Schoolchildren name cutting edge new equipment that will generate more green power at Severn Trent’s Minworth Sewage Treatment Works
Monday 30th April
Super Betty and Gasper will soon be helping Severn Trent generate more green energy than ever before at its sewage treatment works in Minworth near Birmingham.
The company invited children from nearby Minworth Junior and Infant School to take part in a competition to name two huge gas bags that form part of the brand new £60m Thermal Hydrolysis Plant (THP) which helps turn poo into green gas.
The winning names were put forward by year three pupil Bethany Morris and Zenun Mezini from year four, with the pair invited to a special unveiling at the site.
Malcolm Smith, education officer at Severn Trent, said: “This was a great way to engage with the school, especially as we’ve built really strong relationships with them over the years.
“We launched the competition at a special assembly earlier this year where the children found out all about what they should and shouldn’t flush down the loo, as well as how we use poo to make green gas that’s used to heat their homes or to cook their dinners.
“Bethany and Zenun were really excited to see the names they picked on plaques in front of the gas bags and they loved finding out more about how it all works.”
Becky Dewsbury, School Business Manager at Minworth Junior and Infant School, added: “The children relished the opportunity to take part in the competition and Zenun and Bethany thoroughly enjoyed their visit to the works.

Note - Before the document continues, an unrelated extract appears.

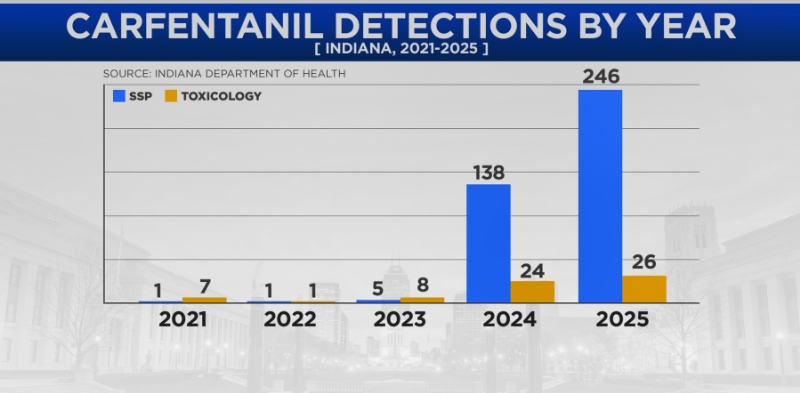 Indiana seeing surge in drug 100x more potent than fentanyl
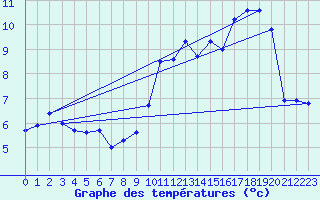 Courbe de tempratures pour Roissy (95)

“We look forward to continued work with Severn Trent, particularly as environmental issues are very much a priority for the younger generations.”
Minworth is one of Severn Trent’s leading sites for generating renewable energy. Sewage is taken from around 1.6 million homes across Birmingham and the Black Country and in the last year it has been used to generate enough electricity to power 11,000 homes and enough gas to heat 4,800 homes.
The THP process works by treating sewage sludge, using heat and pressure in a similar way to a pressure cooker. The treated sludge is then fed into huge digesters which, over time, produce methane rich bio-gas. This gas is then cleaned up and can be injected straight into the national grid for use by local homes and businesses.